Если бы испуганные глаза маленького Шагала могли вобрать в себя то, что его окружало, или если бы его тело было способно летать так же легко, как персонажи его картин, он заметил бы неподалеку от родного дома и стены городской тюрьмы, и приют для умалишенных. Там же, словно поджидая его, виднелись крыши Покровки, по которой бродили собаки и куры, а еще были маковки церквей, и раввины со свитками Торы в руках, и женщины с корзинами, и мужчины, но отнюдь не с Торой, а с полными ведрами молока, и даже, быть может, какой-нибудь скрипач шел впереди веселой свадебной процессии.
Все эти люди, домашние животные и домишки витебских окраин, где обреталось еврейское население города, на всю жизнь стали для Шагала излюбленным мотивом творчества, однако это был еще не весь город. На самом деле Шагал, воспроизводя по памяти родные места, зачастую пытался втиснуть весь обширный Витебск, расположенный у слияния рек Витьбы и Двины, в узкие рамки маленького штетла — еврейского поселка вроде Лиозно в сорока километрах от города, где жили его дедушка и бабушка по материнской линии.
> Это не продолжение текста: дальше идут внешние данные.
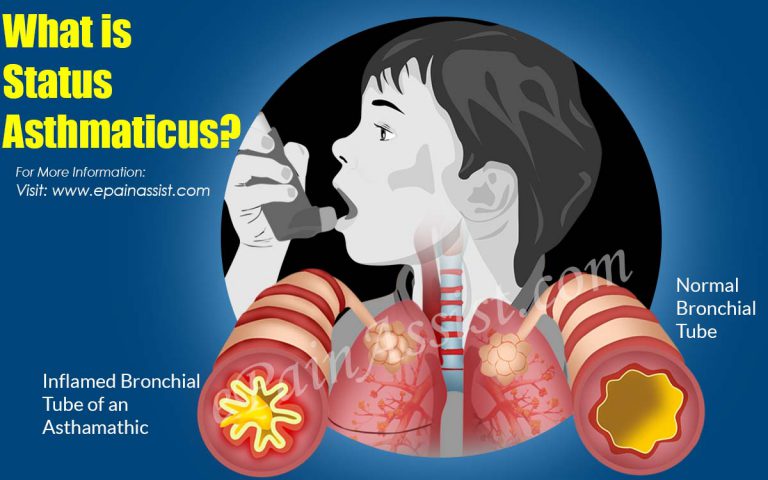 What is Status Asthmaticus & How is it Treated?|Causes, Symptoms, Prognosis of Status Asthmaticus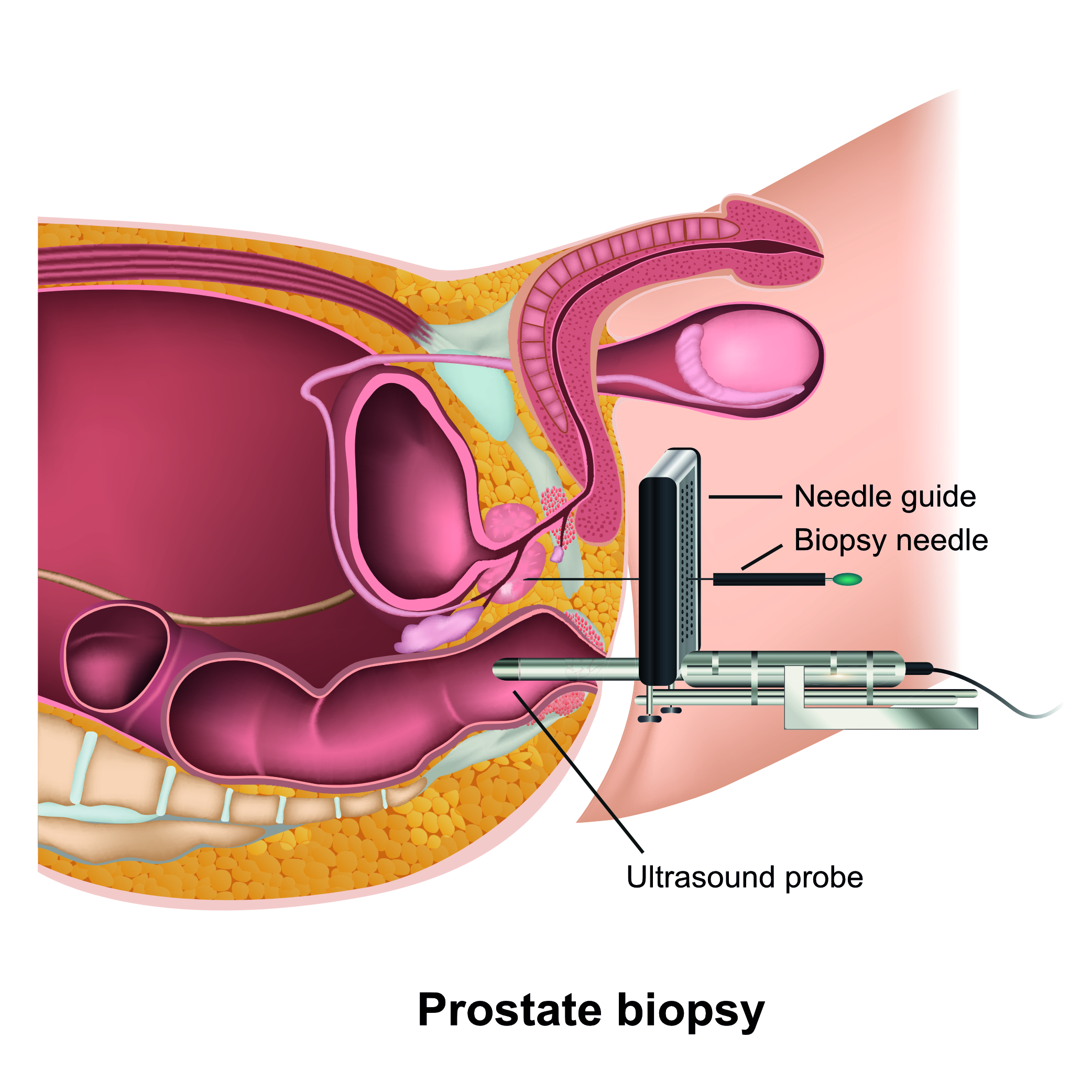 perineal prostate biospy illustration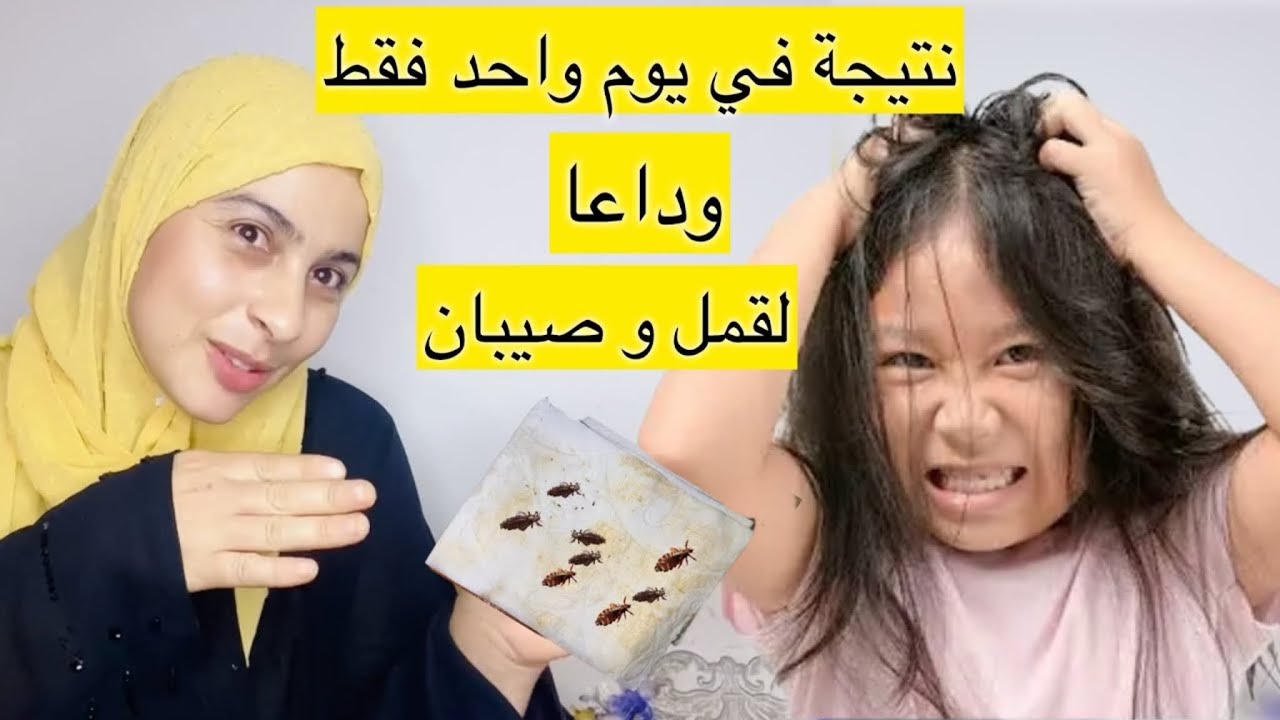 علاج القمل و الصيبان لصغار و كبار في يوم واحد (بتجربة شخصية2024)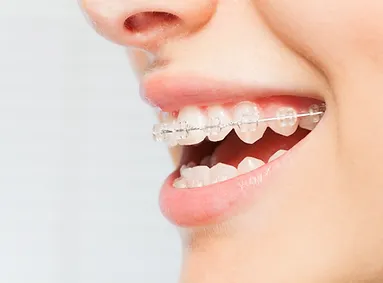 יישור שיניים עם גשר שקוף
Витебск, который мы видим на картинах Шагала, — это утраченный еврейский мир, на который смотришь с ностальгией. И это действительно так. Но в 1887 году путешественник, остановившийся в Витебске проездом по пути из Киева или Одессы в Санкт-Петербург или из Риги в Москву, долго и, скорее всего, безуспешно искал бы скрипача на крыше. Вместо этого он увидел бы величественный Успенский собор или новый железнодорожный мост, а если ему непременно захотелось музыки — мог бы заглянуть в одно из внушительных городских зданий, где выступали гастролирующие театральные труппы и известные музыканты.
Иногда эти достопримечательности Витебска все же появляются на полотнах Шагала (таких, как «Двойной портрет с бокалом вина», 1917–1918), но занимают там отнюдь не главное место. На протяжении всей своей творческой жизни Шагал неизменно переносил мир, где творится История с большой буквы, на маленькие улицы родного района (местечка), какими он их запомнил с детства: на тех самых улочках, где Шагал бегал ребенком, происходит трагедия Холокоста и здесь же распинают Иисуса Христа, часто изображенного с талитом (молитвенным платком), обмотанным вокруг бедер. И если Шагал не переносил историю в Витебск, то мысленно забирал родной город с собой, как в дорожной сумке, куда бы ни направлялся. Стоило ему, глядя из окна в Париже, «распаковать» свои воспоминания — и вокруг Эйфелевой башни появлялись крохотные домишки Песковатиков, лавчонки и штиблы — маленькие синагоги.
О раннем периоде жизни Шагала мы знаем в основном по книге его воспоминаний «Моя жизнь», которую тридцатипятилетний Шагал написал в 1921–1922 годах в Москве, в неспокойное и тревожное время. Однако, как и в своих живописных работах, в этом тексте (проиллюстрированном серией офортов и гравюр) Шагал не стремится придерживаться исторической канвы, повествование состоит в основном из отдельных историй, собранных по ассоциативному принципу. Читатель не найдет здесь точной датировки тех или иных событий, зато обнаружит множество словесных портретов самых разных людей, с которыми Шагалу довелось встретиться, причем все это щедро сдобрено цветистой риторикой, лирическими сентиментальными отступлениями и огромным количеством самовосхвалений. Последнее вполне объяснимо для художника с такой необычной и прочной репутацией, ведь во время написания книги он по поручению местного Наркомпроса (Народного комиссариата просвещения) работал учителем рисования в двух колониях для детей-сирот в подмосковной Малаховке. Но не будем забегать вперед.
«Одежда отца была вечно забрызгана селедочным рассолом, — пишет Шагал в „Моей жизни“. — Он перетаскивал огромные бочки, и сердце мое трескалось, как ломкое турецкое печенье, при виде того, как он ворочает эту тяжесть или достает селедки из рассола закоченевшими руками»[1]. От бедных работников селедочных лавок, даже если они не придерживались строгих правил хасидской жизни, едва ли стоило ожидать большой любви к высокому искусству. Захар (Хацкел) Шагал не был исключением. Он, отец восьмерых детей, считал, что его старший сын должен продолжить семейное «доходное дело». Однако в решающий момент Захар достал из своего кармана требуемое количество денег и швырнул их под кухонный стол, потом его сын униженно ползал по полу, собирая раскатившиеся рубли. В своих мемуарах Шагал вспоминает, что в тот момент ощутил смесь радости и унижения, но «… обижаться нечего — такая уж у него манера».
1
«Моя жизнь» М. Шагала цитируется в переводе Н. Мавлевич.